Even though none of the AMIs on the list support server core deployments, there is a workaround. Rather than using the list of default AMIs, open the AWS Marketplace and search on the phrase "server core." As an alternative, you can just Google the phrase "EC2 server core" and the AWS Marketplace will be listed among the top results. You can see what this looks like in Figure 3.
To deploy a server core AMI from the AWS Marketplace, click on the Continue to Subscribe button, shown in the figure above. Upon doing so, you will need to click the Accept Terms button, followed by the Continue to Configuration button.
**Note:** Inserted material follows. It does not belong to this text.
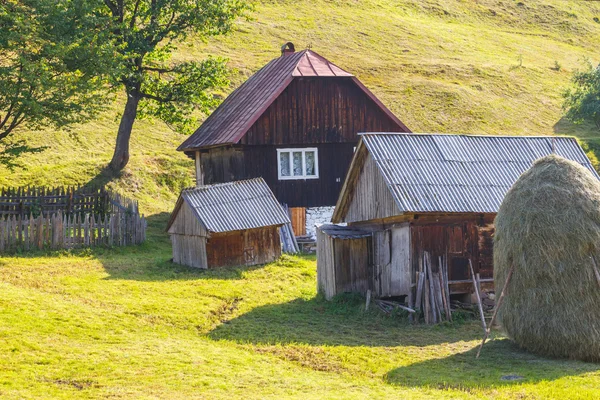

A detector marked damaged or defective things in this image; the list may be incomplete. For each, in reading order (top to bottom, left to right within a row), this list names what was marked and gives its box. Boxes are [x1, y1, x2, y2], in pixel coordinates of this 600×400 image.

At this point, you will be taken to a screen that allows you to select the configuration options that you want to use. There aren't initially as many options available as when you create an EC2 instance from scratch (other options are made available later in the process). You will need to choose the AMI that you want to use from the Fulfillment Option drop down. You will also need to select the software version and your preferred region, as shown in Figure 4.
Once you have selected the basic configuration options that you want to use, click the Continue to Launch button. This will take you to the Launch This Software screen, which provides you with some additional configuration options that are more along the lines of what you might expect if you were creating an EC2 instance from scratch. This screen lets you choose an instance type, and pick the VPC and subnet that you want to use, among other things. Even so, this screen is still a bit sparse as compared to the process that is normally used to deploy an EC2 instance.
The advantage to deploying a new instance in this way is that the process is greatly simplified. You can literally launch a new instance with a few clicks. Of course the disadvantage is that you don't have quite as much control over the deployment process.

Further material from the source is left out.